Does anyone know how to go about switching paint colors on a rounded wall corner? I am in need of help figuring this one out... HELP!!


----------



## slickshift (Aug 25, 2005)

Outside corner, or inside corner?


----------



## Jiffner (Feb 8, 2007)

Outside corner


----------



## Jiffner (Feb 8, 2007)

Actually both inside and outside now that I think about it.
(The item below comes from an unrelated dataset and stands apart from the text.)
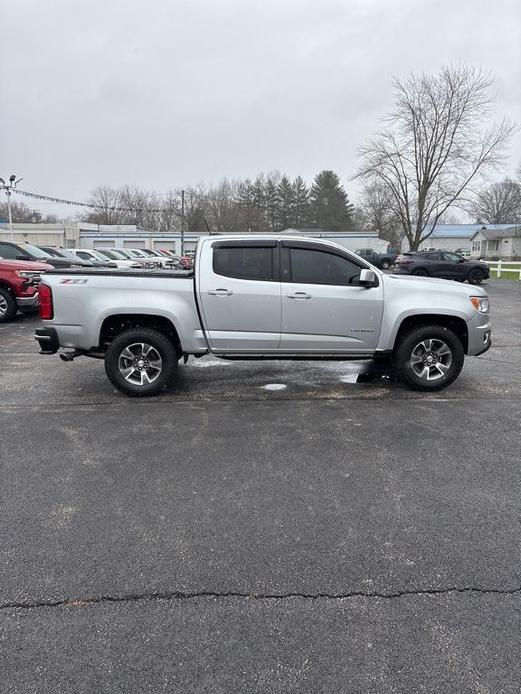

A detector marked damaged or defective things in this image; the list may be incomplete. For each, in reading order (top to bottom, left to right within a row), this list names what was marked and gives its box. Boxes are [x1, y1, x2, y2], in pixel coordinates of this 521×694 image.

UUGGGHHH!!


----------



## slickshift (Aug 25, 2005)

You'll want to decide which room "gets" each corner visually
Whether the corner should be mostly A or mostly B
Does it "belong" to the living room, or the dining room
You'll want to look at the area from any other areas where you can see it (staircase, kitchen) to help you decide

Once you figure it really should be family room (or 50/50 or whatever), then decide about where the "line" should be

I like to make these lines by rolling one color right up to where I want it, but that doesn't always work for every situation
It often won't work for inside ones (though the mini-rollers might work)
You may need to tape the line with painter's tape to help you get a straight, crisp, line


----------



## joewho (Nov 1, 2006)

I also use slick's method. Just roll top to bottom towards the corner until it looks right. Get it as straight as possible, then leave it until you do the other color, roll that as close as possible and cut it with a brush. You can go back and forth with both colors until you're satisfied.
Or, use tape. 
You can use a plumb bob to mark lines and then snap a chaulk line. Problem with this is that the corners may not be straight up and down. So tape or freehand is preferred.


----------



## Workaholic (Apr 1, 2007)

slickshift said:


> You'll want to decide which room "gets" each corner visually
> Whether the corner should be mostly A or mostly B
> Does it "belong" to the living room, or the dining room
> You'll want to look at the area from any other areas where you can see it (staircase, kitchen) to help you decide
> ...





joewho said:


> I also use slick's method. Just roll top to bottom towards the corner until it looks right. Get it as straight as possible, then leave it until you do the other color, roll that as close as possible and cut it with a brush. You can go back and forth with both colors until you're satisfied.
> Or, use tape.
> You can use a plumb bob to mark lines and then snap a chaulk line. Problem with this is that the corners may not be straight up and down. So tape or freehand is preferred.


I concur


----------